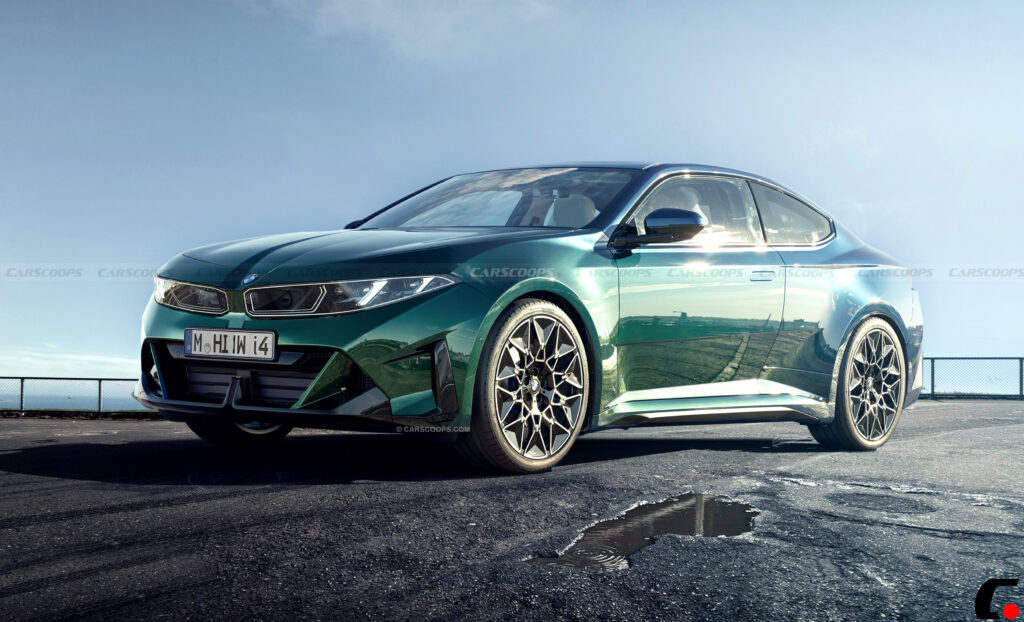  BMW&rsquo;s i3 Sedan Divided The Internet, So We Drew The i4 Coupe Instead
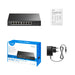 EAN 6971690794927 - Cudy 8-Port Gigabit Easy-Managed Switch with 2 SFP, GS108ES2 1.0 Gestionado L2 Gigabit Ethernet (10/100/1 imagen 2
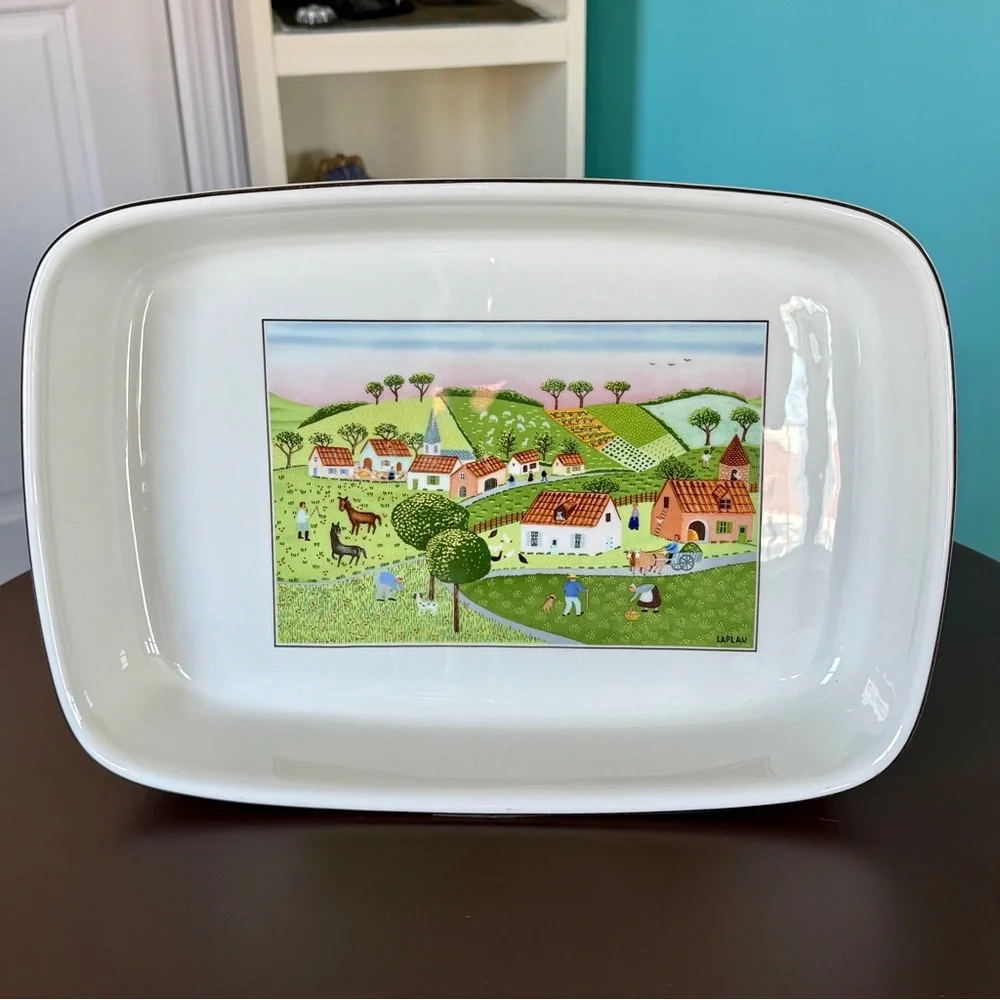 Villeroy & Boch Design Naïf Porcelain 14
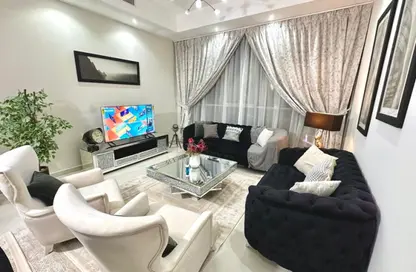 Apartment - 1 Bedroom - 2 Bathrooms for rent in Sahara Tower 6 - Sahara Complex - Al Nahda - Sharjah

#### [The problem]
Only the lines from the first line of the listing above through the line with "Villeroy & Boch Design Naïf Porcelain 14" should be set down, exactly and without pictures.

#### [Solution for this problem]
  BMW&rsquo;s i3 Sedan Divided The Internet, So We Drew The i4 Coupe Instead
 EAN 6971690794927 - Cudy 8-Port Gigabit Easy-Managed Switch with 2 SFP, GS108ES2 1.0 Gestionado L2 Gigabit Ethernet (10/100/1 imagen 2
 Villeroy & Boch Design Naïf Porcelain 14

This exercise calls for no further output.